Even at low levels, inflation is a force of nature that makes you a tiny bit poorer every day. Every dollar you save right now is going to roughly halve in value 30 years from now—and that’s assuming inflation behaves itself, which is no guarantee. Just ask Zimbabwe.

Being a trillionaire: nowhere near as cool as it sounds.

And so, unless there was a period of very strange monetary policy stretching 1000 years, almost all of Fry’s gains would have been wiped out by the ravages of inflation.

Assuming inflation averaged 2 per cent a year, he’d be left with the equivalent of $11.29 when he woke up, which is somewhat less exciting than $4.3 billion. And of course, seeing as he didn’t stash his cash under his mattress like grandpa, the taxman would have dipped his sticky fingers in too, meaning that original 93c would in fact have long since disappeared into the void.

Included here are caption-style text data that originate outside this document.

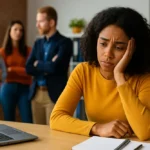 Social Stigma of Mental Health in Workplaces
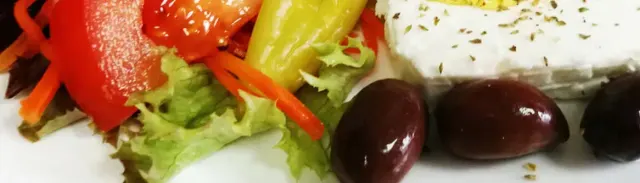 BookNoFees: Restoranas – Kostas Taverne – Arnsberg-Neheim – Kostas Taverne, nuotrauka 3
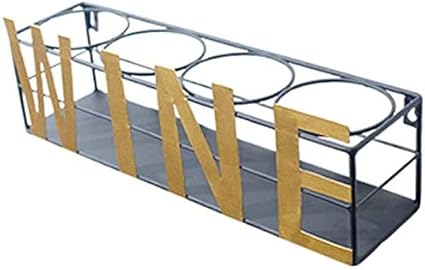 portabici appeso per la casa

The Beauty of Compound Interest

Good news, everyone! In spite of everything you’ve just heard, compound interest is still a truly wondrous and beautiful thing. You just need to get enough momentum going to break free from the opposing forces, and then you’re up and away.

To recap: Parking your money in the bank basically means you’re losing money very safely. To beat inflation, you’d have to move some of your savings into investments that pay a higher rate of return.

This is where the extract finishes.